### [WHAT YOU WILL DO]
Word for word, and without a single picture, repeat the entries.

[Short descriptive text snippets]

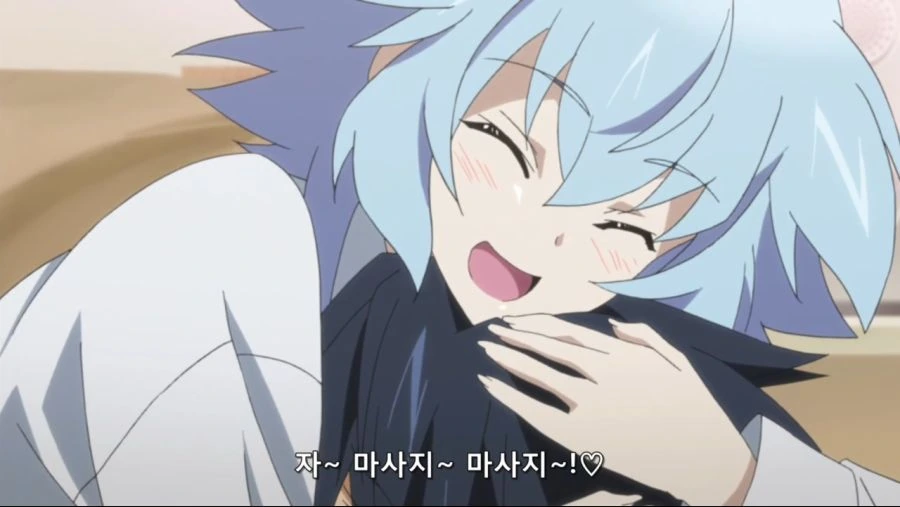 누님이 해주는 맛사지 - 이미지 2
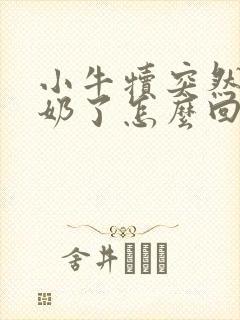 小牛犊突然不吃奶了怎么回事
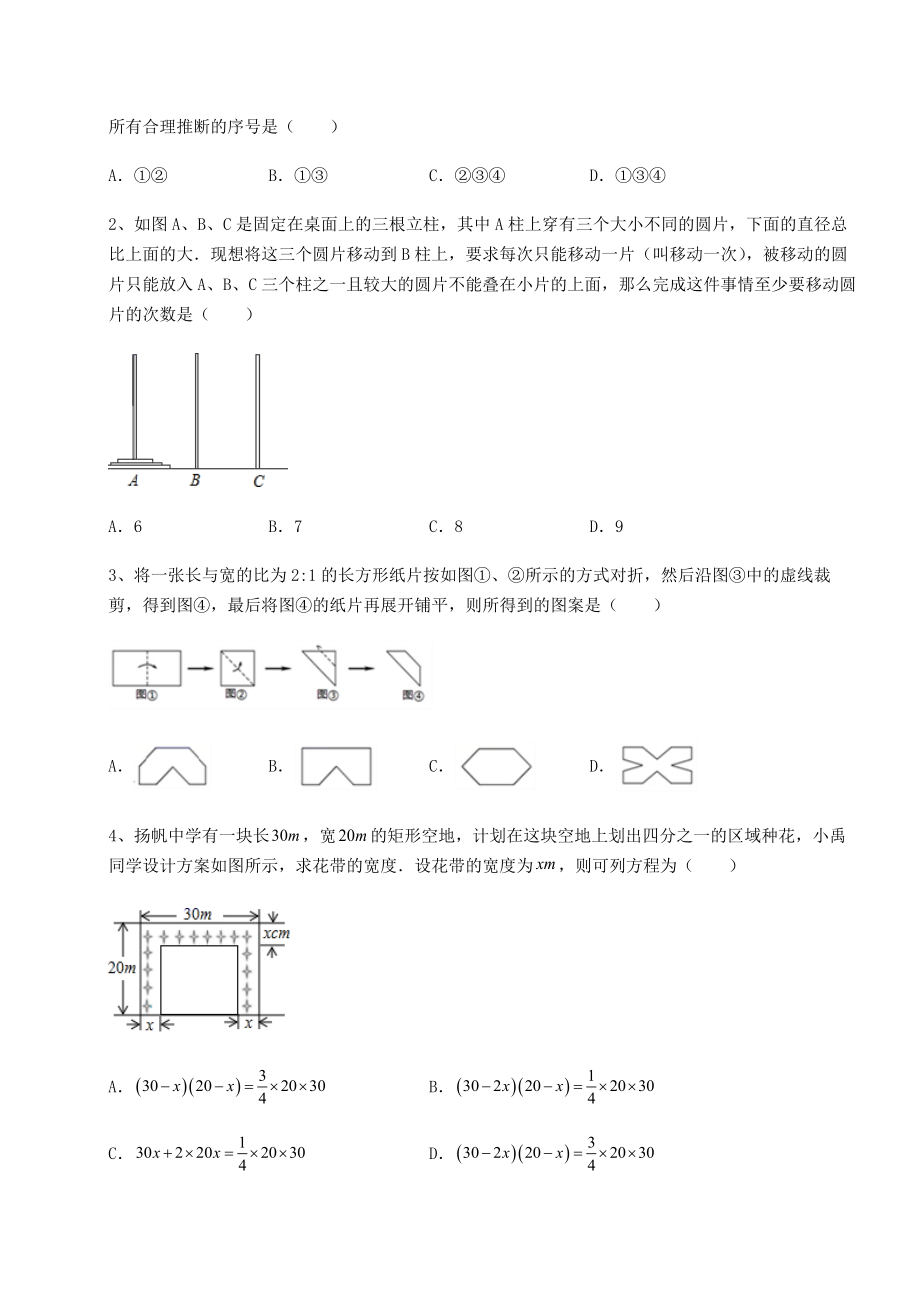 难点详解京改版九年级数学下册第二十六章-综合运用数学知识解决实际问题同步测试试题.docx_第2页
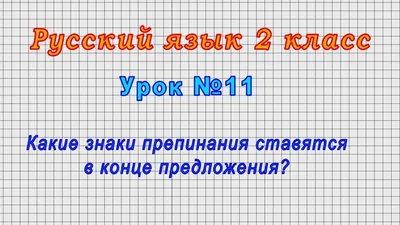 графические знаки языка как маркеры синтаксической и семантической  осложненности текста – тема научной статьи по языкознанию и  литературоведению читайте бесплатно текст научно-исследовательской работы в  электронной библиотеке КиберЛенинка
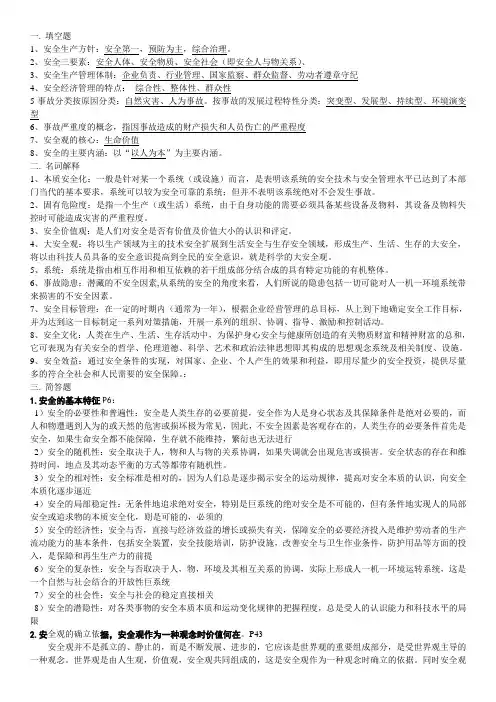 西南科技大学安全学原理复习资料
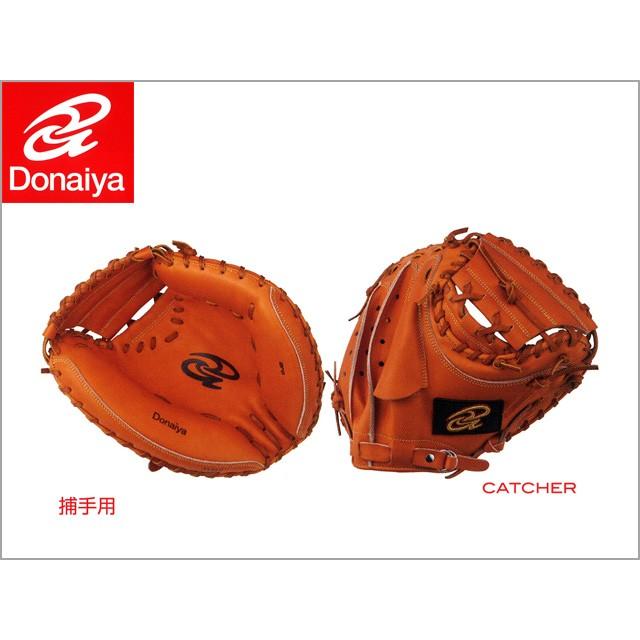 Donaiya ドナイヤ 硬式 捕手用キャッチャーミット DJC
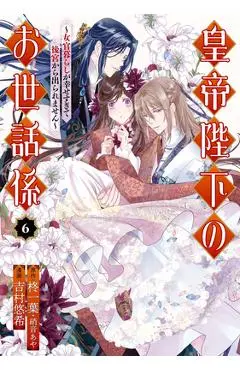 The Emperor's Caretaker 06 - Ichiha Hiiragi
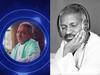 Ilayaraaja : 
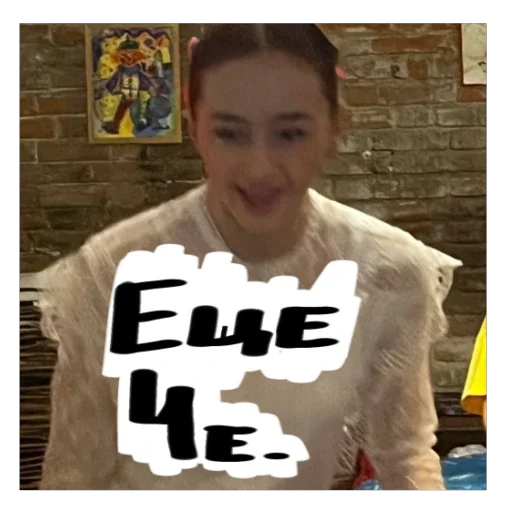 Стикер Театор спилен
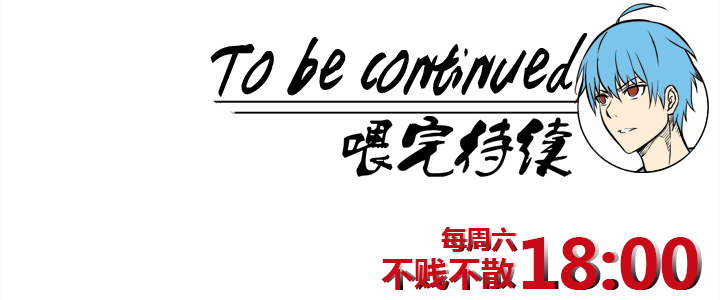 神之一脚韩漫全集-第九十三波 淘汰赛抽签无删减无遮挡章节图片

### [ANSWER FOR THIS EXERCISE]
 누님이 해주는 맛사지 - 이미지 2
 小牛犊突然不吃奶了怎么回事
 难点详解京改版九年级数学下册第二十六章-综合运用数学知识解决实际问题同步测试试题.docx_第2页
 графические знаки языка как маркеры синтаксической и семантической  осложненности текста – тема научной статьи по языкознанию и  литературоведению читайте бесплатно текст научно-исследовательской работы в  электронной библиотеке КиберЛенинка
 西南科技大学安全学原理复习资料
 Donaiya ドナイヤ 硬式 捕手用キャッチャーミット DJC
 The Emperor's Caretaker 06 - Ichiha Hiiragi
 Ilayaraaja : 
 Стикер Театор спилен
 神之一脚韩漫全集-第九十三波 淘汰赛抽签无删减无遮挡章节图片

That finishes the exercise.